Cancer Drugs Repurposed as Senolytic Therapies Show Promise for Aging
Review reveals how anti-cancer drugs are being repurposed to eliminate senescent cells, opening new pathways for longevity treatments.
Summary
This comprehensive review examines how senescent cells and cancer cells share similar biological characteristics, called meta-hallmarks, including resistance to cell death, altered metabolism, and immune evasion. Researchers found that many effective senolytic drugs—which selectively eliminate aging senescent cells—are actually repurposed cancer treatments. Since 2015, when the first senolytic drugs dasatinib and quercetin were discovered, most new senolytics have been adapted from existing anti-tumor therapies.

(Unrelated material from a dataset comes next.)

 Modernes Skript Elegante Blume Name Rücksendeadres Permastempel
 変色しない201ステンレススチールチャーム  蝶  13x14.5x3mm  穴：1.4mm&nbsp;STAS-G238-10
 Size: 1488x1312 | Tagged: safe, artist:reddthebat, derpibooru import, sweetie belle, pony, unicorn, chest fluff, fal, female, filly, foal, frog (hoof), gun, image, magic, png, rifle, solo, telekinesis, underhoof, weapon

This connection suggests a promising strategy for developing new anti-aging treatments by leveraging the shared vulnerabilities between senescent and cancer cells.
Detailed Summary
This review provides a comprehensive analysis of the striking similarities between senescent cells and cancer cells, revealing why many successful senolytic drugs are repurposed cancer treatments. The authors systematically examined what they term 'meta-hallmarks'—shared characteristics between these cell types including apoptosis resistance, metabolic reprogramming, secretory phenotypes, epigenetic modifications, and immune surveillance evasion.

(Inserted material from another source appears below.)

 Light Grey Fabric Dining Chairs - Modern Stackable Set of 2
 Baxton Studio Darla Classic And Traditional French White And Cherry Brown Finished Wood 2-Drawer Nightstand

The field of senolytic drug discovery began in 2015 with dasatinib and quercetin, discovered through bioinformatics-informed approaches. Since then, researchers have identified numerous senolytic agents, with most being repurposed from anti-tumor therapeutics. Examples include panobinostat (an FDA-approved HDAC inhibitor for multiple myeloma) that eliminates chemotherapy-induced senescent cells, and ABT737 (a Bcl-2 family inhibitor) that clears senescent macrophages and neuronal cells.
Clinical applications show remarkable breadth. In cardiovascular disease, ABT263 reduced pro-inflammatory molecules and matrix-degrading proteases in ischemia-reperfusion injury. For skeletal health, dasatinib plus quercetin improved age-related disc degeneration and postmenopausal osteoporosis. Neurological applications include phase I trials showing good tolerability for Alzheimer's disease treatment. In cancer therapy, sequential treatment strategies use conventional therapies to induce senescence followed by senolytics to eliminate persistent senescent tumor cells.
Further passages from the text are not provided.